Later Cistercian art and architecture is not neglected in this collection. Michael T. Davis, "Cistercians in the City: The Church of the College Saint-Bernard in Paris," assesses the building process of that as church revealed by the ledgers of its chief builder, the equivalent of a modern contractor. He also notes that despite the multifarious influences and decorative detail recorded for the now destroyed building, it stayed true to some characteristics of Cistercian design. Thomas Coomans, "From Flanders to Scotland: The Choir Stalls of Melrose Abbey in the Fifteenth Century," attempts to reconstruct the historical context, physical environment and appearance of a set of Flemish choir stalls. Helen Zakin, "Stained Glass Panels from Mariawald Abbey in the Cleveland Museum of Art," reconstructs the original arrangement of a series of sixteenth-century stained glass panels from Mariawald and reassesses its iconographical sources. Christine Kratzke, "De laudibus Virginis Matris: The Untold Story of a Standing Infant Jesus, a Venerating Monk and a Movable Madonna from Dargun Abbey," surveys a variety of depictions of Mary, including a mid-fifteenth-century terra cotta relief and a mechanical statue of Mary used to influence sinners. Finally, Terryl N. Kinder, "Planting over the Past: An Unknown Episode in the Post-Monastic History of Pontigny Abbey," contextualizes an early-nineteenth-century plan to convert the grounds of Pontigny into a pleasure garden.

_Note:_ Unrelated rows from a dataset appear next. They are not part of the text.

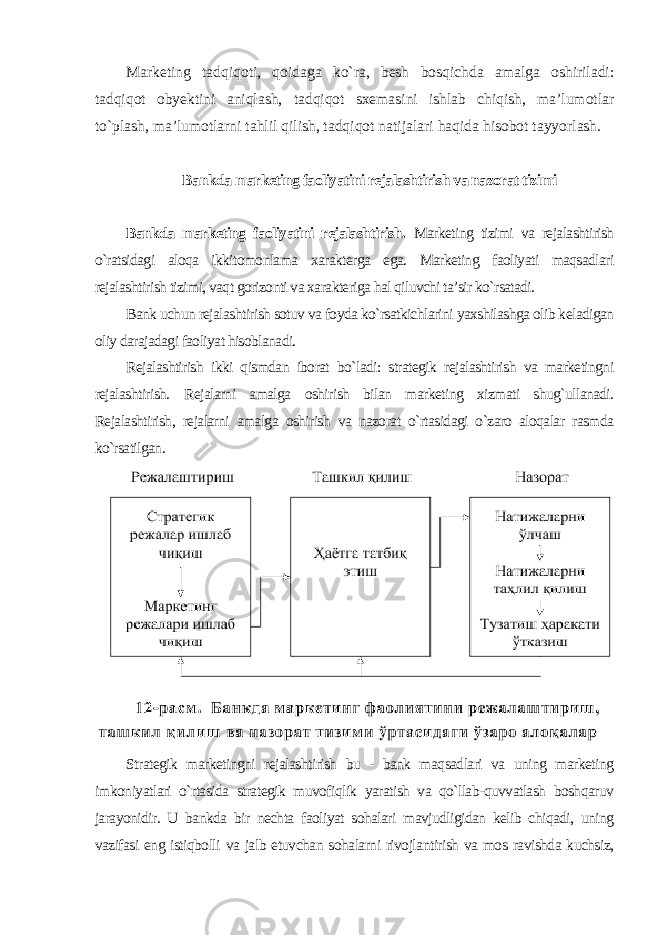 Marketing tadqiqoti, qoidaga ko`ra, besh bosqichda amalga oshiriladi: tadqiqot obyektini aniqlash, tadqiqot sxemasini ishlab chiqish, ma’lumotlar to`plash, ma’lumotlarni tahlil qilish, tadqiqot natijalari haqida hisobot tayyorlash. Bankda marketing faoliyatini rejalashtirish va nazorat tizimi Bankda marketing faoliyatini rejalashtirish. Marketing tizimi va rejalashtirish o`ratsidagi aloqa ikkitomonlama xarakterga ega. Marketing faoliyati maqsadlari rejalashtirish tizimi, vaqt gorizonti va xarakteriga hal qiluvchi ta’sir ko`rsatadi. Bank uchun rejalashtirish sotuv va foyda ko`rsatkichlarini yaxshilashga olib keladigan oliy darajadagi faoliyat hisoblanadi. Rejalashtirish ikki qismdan iborat bo`ladi: strategik rejalashtirish va marketingni rejalashtirish. Rejalarni amalga oshirish bilan marketing xizmati shug`ullanadi. Rejalashtirish, rejalarni amalga oshirish va nazorat o`rtasidagi o`zaro aloqalar rasmda ko`rsatilgan . Strategik marketingni rejalashtirish bu - bank maqsadlari va uning marketing imkoniyatlari o`rtasida strategik muvofiqlik yaratish va qo`llab-quvvatlash boshqaruv jarayonidir. U bankda bir nechta faoliyat sohalari mavjudligidan kelib chiqadi, uning vazifasi eng istiqbolli va jalb etuvchan sohalarni rivojlantirish va mos ravishda kuchsiz, 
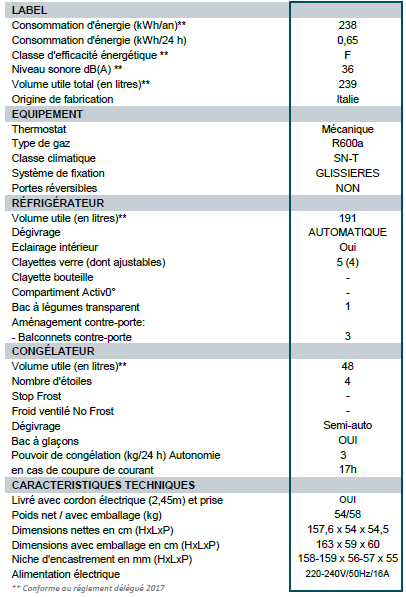 ART3641 fiche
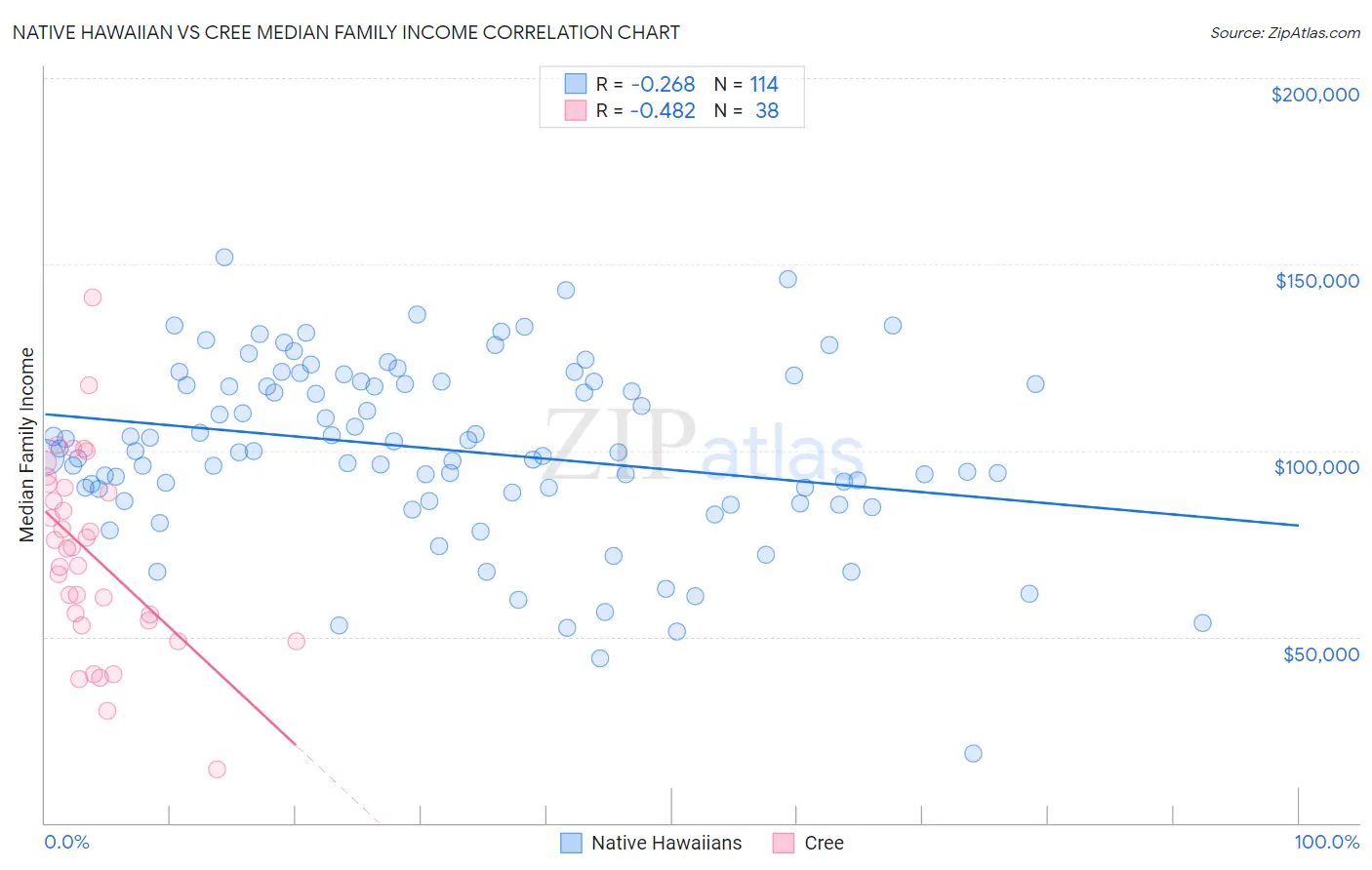 Native Hawaiian vs Cree Median Family Income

Nigel Hiscock, "The Two Cistercian Plans of Villard de Honnecourt," attempts to identify Villard's drawing of a church planned 'ad quadratum,' suggesting that Villard may potentially have seen such a church at Pilis in Hungary. He also concludes that this type of building would have appealed to Cistercians because of its symbolic significance. A series of articles explore Cistercian departures over time from the specifics of governing statutes in architecture. David N. Bell, "Chambers, Cells and Cubicles: The Cistercian General Chapter and the Development of the Private Room," surveys the repeated pronouncements from the fourteenth- and fifteenth-century General Chapters on the proliferation in Cistercian abbeys of cells, doors, locks and fireplaces and suggests that changing concepts of privacy led to an inexorable change in monastic spaces. Similarly, Jackie Hall, "East of the Cloister: Infirmaries, Abbots' Lodgings, and other Chambers," reexamines the assigned functions of a series of eastern complexesattached to British Cistercian foundations, and suggests that many rooms could have functioned as lodging for retired abbots or other high ranking monks. In addition, infirmaries may have come routinely to serve as lodging and refectories for elevated visitors. David H. Williams, "Cistercian Grange Chapels," reveals the heterogeneity of grange chapels, and also traces the gradual relaxation in their regulation by the General Chapter. Mark Horton, "A Bell-founders Pit at the Cistercian Abbey of Grosbot (Charente)," explains, on the other hand, that the monks of Grosbot apparently stayed within the statute governing the size of bells while casting a new and monumental bell around 1300.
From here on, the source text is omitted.